Dataset items:
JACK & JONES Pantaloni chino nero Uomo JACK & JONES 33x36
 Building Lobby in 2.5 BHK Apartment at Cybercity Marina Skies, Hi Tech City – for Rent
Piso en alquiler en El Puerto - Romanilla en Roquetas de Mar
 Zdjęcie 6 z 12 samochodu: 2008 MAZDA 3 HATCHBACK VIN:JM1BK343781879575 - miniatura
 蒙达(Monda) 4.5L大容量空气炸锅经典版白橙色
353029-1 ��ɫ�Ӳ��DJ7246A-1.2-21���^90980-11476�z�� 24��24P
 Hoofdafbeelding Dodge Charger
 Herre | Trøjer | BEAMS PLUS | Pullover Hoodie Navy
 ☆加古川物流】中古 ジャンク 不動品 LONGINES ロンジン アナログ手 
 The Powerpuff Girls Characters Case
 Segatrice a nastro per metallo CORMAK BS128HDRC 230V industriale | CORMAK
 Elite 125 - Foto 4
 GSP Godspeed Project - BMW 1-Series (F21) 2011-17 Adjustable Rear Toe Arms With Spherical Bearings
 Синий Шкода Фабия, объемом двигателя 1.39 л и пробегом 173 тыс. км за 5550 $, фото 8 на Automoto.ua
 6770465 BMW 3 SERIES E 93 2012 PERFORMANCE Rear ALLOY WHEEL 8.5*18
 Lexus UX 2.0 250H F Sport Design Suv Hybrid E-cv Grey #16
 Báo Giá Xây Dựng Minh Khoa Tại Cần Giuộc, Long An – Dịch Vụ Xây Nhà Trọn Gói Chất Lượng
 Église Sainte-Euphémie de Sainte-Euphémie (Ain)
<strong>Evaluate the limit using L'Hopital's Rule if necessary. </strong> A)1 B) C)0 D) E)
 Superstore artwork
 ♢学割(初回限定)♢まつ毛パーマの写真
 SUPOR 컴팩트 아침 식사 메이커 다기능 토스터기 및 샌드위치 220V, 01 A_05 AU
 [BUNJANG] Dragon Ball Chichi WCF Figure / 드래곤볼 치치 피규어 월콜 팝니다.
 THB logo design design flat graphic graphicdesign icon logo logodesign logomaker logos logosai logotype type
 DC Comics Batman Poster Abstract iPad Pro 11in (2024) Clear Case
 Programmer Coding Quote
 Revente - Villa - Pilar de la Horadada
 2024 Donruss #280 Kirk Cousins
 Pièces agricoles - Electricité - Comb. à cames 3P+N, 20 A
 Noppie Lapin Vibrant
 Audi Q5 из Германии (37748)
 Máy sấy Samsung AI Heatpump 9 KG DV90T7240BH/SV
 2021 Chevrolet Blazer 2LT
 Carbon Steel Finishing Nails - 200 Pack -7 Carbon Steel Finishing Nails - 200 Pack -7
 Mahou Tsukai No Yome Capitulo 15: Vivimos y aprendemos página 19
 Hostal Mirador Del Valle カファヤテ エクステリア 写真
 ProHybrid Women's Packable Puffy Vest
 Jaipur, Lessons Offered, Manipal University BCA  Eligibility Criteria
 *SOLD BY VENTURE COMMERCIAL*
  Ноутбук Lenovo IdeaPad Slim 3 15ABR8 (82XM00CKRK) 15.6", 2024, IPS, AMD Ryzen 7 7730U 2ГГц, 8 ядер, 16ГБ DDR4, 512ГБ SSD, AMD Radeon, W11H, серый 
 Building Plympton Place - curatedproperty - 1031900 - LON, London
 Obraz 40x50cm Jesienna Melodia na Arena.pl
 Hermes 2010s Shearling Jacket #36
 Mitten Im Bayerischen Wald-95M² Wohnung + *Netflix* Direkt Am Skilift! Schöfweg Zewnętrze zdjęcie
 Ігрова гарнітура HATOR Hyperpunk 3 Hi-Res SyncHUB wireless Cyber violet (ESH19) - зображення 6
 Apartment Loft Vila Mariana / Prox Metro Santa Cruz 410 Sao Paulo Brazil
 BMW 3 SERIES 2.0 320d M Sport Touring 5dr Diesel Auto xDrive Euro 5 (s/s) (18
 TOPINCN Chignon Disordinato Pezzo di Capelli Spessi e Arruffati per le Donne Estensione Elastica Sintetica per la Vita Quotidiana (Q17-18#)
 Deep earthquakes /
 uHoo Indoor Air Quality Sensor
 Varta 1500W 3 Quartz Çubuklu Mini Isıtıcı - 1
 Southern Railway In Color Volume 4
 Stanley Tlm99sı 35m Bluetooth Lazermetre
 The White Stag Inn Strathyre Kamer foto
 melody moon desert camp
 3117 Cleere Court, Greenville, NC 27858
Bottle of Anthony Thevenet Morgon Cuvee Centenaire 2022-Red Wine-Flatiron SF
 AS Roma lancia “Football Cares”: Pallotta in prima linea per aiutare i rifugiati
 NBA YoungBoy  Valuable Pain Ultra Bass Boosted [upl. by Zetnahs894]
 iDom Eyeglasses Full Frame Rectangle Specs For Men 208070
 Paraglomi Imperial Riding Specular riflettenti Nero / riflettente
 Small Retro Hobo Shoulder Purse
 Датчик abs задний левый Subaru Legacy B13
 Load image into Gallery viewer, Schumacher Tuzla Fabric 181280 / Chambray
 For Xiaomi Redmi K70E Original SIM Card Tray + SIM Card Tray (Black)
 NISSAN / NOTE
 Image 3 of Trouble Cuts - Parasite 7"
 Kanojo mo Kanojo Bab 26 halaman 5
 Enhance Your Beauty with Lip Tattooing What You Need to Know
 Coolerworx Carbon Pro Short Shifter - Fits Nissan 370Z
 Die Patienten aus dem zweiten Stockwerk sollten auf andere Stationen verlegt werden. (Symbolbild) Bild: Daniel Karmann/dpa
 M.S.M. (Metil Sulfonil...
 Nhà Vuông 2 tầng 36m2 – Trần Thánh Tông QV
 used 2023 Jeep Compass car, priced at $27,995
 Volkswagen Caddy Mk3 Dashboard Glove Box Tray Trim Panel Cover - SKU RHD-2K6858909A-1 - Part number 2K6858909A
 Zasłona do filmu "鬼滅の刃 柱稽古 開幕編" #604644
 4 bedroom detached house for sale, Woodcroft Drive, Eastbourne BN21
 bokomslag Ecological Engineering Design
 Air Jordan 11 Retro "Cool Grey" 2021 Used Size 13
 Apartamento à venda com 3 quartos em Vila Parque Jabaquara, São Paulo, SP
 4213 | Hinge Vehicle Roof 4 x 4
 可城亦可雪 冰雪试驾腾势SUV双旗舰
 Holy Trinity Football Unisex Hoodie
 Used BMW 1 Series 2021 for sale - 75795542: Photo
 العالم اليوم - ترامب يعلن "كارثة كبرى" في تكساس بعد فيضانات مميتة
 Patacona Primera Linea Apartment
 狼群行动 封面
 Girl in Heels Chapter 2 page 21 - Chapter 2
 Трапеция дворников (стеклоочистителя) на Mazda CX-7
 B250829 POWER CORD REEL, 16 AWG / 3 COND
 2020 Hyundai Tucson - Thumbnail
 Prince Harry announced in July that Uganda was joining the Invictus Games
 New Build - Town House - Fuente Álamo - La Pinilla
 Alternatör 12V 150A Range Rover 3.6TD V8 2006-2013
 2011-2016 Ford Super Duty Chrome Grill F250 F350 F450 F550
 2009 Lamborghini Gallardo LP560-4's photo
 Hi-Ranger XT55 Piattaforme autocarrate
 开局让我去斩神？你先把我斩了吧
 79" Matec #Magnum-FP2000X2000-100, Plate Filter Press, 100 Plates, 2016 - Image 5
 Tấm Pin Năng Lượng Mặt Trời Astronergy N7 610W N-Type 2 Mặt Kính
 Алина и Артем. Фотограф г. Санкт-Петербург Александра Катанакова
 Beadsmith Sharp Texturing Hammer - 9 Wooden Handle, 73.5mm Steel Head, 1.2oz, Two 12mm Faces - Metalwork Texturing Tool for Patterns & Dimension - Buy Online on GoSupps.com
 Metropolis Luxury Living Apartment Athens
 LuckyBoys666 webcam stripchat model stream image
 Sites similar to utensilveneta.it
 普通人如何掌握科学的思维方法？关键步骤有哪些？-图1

» **Your assignment**
Set down, exactly as they appear above, all lines from the one that has "Zasłona do filmu" down to the one that has "可城亦可雪 冰雪试驾腾势SUV双旗舰", including those two and no others.

» **Answer for this exercise**
 Zasłona do filmu "鬼滅の刃 柱稽古 開幕編" #604644
 4 bedroom detached house for sale, Woodcroft Drive, Eastbourne BN21
 bokomslag Ecological Engineering Design
 Air Jordan 11 Retro "Cool Grey" 2021 Used Size 13
 Apartamento à venda com 3 quartos em Vila Parque Jabaquara, São Paulo, SP
 4213 | Hinge Vehicle Roof 4 x 4
 可城亦可雪 冰雪试驾腾势SUV双旗舰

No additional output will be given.